*** Opening of Provided data ***

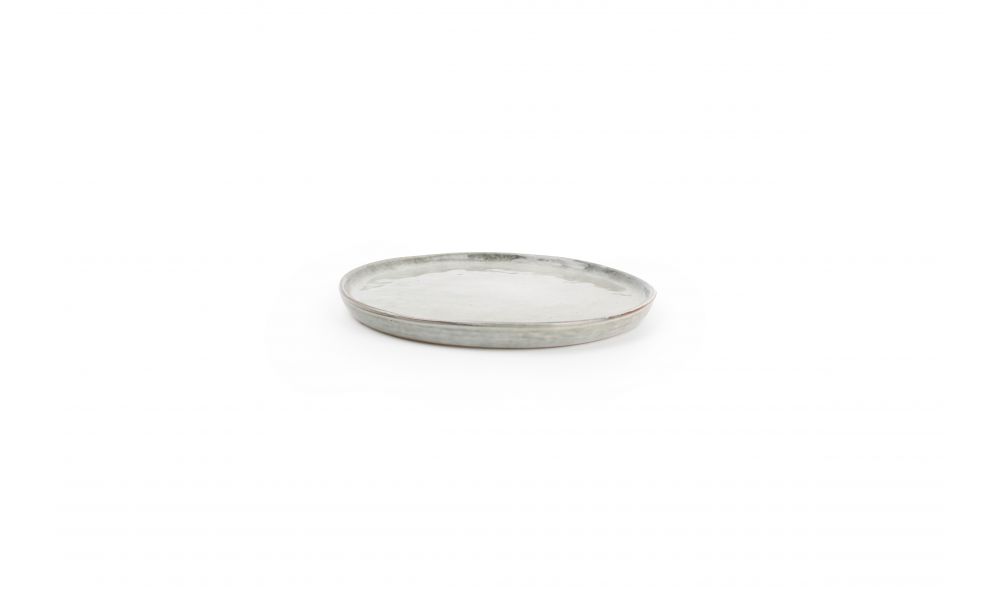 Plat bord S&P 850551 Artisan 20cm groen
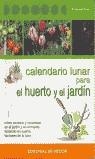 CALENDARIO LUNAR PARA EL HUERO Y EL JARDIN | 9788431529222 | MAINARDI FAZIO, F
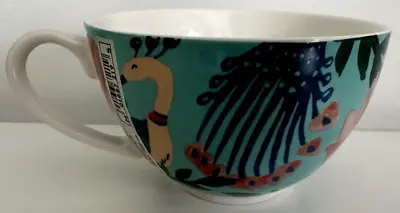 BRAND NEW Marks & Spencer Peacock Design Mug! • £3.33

*** Close of Provided data ***

Take the line containing "CALENDARIO LUNAR PARA" through the last line of the material and retype exactly those lines, both ends included, with no pictures.

 CALENDARIO LUNAR PARA EL HUERO Y EL JARDIN | 9788431529222 | MAINARDI FAZIO, F
 BRAND NEW Marks & Spencer Peacock Design Mug! • £3.33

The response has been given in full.